A robust Hotelling test statistic for one sample case in high dimensional data


Bulut H.

COMMUNICATIONS IN STATISTICS-THEORY AND METHODS, cilt.52, sa.13, ss.4590-4604, 2023 (SCI-Expanded) identifier identifier

  • Yayın Türü: Makale / Tam Makale
  • Cilt numarası: 52 Sayı: 13
  • Basım Tarihi: 2023
  • Doi Numarası: 10.1080/03610926.2021.1996606
  • Dergi Adı: COMMUNICATIONS IN STATISTICS-THEORY AND METHODS
  • Derginin Tarandığı İndeksler: Science Citation Index Expanded (SCI-EXPANDED), Scopus, Academic Search Premier, Business Source Elite, Business Source Premier, CAB Abstracts, Compendex, Veterinary Science Database, zbMATH, Civil Engineering Abstracts
  • Sayfa Sayıları: ss.4590-4604
  • Anahtar Kelimeler: Robust Hotelling test statistic, one-sample Hotelling test, high-dimensional data, minimum regularized covariance estimators, shrinkage-based diagonal Hotelling test, MVTests, MEAN VECTOR, FEWER OBSERVATIONS, SIZE
  • Ondokuz Mayıs Üniversitesi Adresli: Evet

Özet

The Hotelling T-2 statistic is used to test the hypothesis about the location parameter of multivariate Gaussian distribution, and it is significantly sensitive to outliers.

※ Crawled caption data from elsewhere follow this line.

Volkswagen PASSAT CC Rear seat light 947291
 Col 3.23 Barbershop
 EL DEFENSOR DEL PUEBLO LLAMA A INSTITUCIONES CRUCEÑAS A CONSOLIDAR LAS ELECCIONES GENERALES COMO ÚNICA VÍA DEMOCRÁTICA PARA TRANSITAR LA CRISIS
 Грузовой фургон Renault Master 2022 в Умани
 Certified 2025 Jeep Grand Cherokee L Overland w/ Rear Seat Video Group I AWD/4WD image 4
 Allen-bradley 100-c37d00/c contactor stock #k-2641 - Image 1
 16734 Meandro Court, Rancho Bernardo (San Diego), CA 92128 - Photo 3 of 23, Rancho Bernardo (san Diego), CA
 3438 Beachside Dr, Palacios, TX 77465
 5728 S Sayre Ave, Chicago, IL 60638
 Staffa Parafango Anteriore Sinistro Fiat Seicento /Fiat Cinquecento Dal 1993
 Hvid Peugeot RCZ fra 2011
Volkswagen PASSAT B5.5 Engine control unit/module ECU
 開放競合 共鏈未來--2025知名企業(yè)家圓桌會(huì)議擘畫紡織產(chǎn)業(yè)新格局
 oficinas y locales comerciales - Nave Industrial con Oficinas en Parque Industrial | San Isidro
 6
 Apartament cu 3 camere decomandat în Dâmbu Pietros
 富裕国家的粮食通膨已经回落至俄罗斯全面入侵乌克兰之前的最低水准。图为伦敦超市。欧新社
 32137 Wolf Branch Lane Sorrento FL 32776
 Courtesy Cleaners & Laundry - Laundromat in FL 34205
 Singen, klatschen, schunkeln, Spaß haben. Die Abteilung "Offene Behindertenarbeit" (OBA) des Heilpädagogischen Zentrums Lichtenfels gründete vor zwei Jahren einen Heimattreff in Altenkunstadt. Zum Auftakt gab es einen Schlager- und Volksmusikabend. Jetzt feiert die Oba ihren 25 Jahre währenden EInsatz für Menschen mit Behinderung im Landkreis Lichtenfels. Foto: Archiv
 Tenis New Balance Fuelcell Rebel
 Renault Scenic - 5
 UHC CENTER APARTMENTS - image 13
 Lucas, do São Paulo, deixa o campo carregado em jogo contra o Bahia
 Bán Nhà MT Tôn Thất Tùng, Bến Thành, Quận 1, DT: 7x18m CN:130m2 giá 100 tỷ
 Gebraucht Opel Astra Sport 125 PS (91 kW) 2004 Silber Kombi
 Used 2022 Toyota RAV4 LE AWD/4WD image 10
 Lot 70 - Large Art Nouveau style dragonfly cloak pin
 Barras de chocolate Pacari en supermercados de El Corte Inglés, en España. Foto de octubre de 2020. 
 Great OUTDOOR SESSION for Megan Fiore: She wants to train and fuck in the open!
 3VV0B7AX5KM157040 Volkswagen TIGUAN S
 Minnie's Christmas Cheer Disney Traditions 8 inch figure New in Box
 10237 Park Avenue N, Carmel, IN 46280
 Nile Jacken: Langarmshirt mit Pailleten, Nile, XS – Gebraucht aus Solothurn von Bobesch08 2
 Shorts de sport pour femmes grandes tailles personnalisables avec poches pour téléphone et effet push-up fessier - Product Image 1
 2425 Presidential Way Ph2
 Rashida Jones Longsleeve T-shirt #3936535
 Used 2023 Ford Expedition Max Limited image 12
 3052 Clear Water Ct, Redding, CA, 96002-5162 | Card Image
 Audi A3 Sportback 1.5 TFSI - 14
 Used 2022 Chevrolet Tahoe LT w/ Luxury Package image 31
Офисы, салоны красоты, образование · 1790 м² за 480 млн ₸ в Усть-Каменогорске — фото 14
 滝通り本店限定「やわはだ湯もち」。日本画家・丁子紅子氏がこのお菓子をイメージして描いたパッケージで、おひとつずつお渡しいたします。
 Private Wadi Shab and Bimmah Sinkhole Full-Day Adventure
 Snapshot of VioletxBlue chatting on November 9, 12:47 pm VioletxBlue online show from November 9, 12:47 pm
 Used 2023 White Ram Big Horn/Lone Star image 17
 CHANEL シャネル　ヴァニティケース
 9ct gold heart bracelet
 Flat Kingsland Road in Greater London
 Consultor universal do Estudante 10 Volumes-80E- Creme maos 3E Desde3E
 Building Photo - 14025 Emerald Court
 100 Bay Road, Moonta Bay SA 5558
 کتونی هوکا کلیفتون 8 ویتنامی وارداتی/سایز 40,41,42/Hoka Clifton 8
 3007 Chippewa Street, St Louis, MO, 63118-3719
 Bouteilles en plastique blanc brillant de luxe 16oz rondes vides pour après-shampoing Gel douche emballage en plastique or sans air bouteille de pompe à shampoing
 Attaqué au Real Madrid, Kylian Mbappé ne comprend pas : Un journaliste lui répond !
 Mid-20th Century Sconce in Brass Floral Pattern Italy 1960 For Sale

Also, we cannot calculate it when the sample size is less than the number of variables because this statistic needs the inverse of the covariance matrix, and the sample covariance matrix is singular in high dimensional data. Although a new approach, based on shrinkage estimation, was proposed to solve this singularity problem, this estimator is still sensitive to outliers. On the other hand, a robust one sample Hotelling T-2 statistic was proposed by using the minimum covariance determinant (MCD) estimates instead of classical ones. Since the MCD estimates cannot be calculated when n < p, this statistic cannot be used in high-dimensional data. This study proposes to use the minimum regularized covariance determinant (MRCD) estimator instead of classical or MCD. The MRCD estimator is a robust location and scatter estimator, which can be calculated in high-dimensional data. We obtain the asymptotic distribution of the proposed test statistic using Monte Carlo simulations and examine the power and robustness properties of the test statistic with simulated datasets. As a result, we show that the approximate distribution of the test statistic is proper, and the proposed robust test statistic can be used to test the hypothesis about the location parameter of contaminated high dimensional data. Finally, we construct an R function in the MVTests package to perform our proposed test statistic.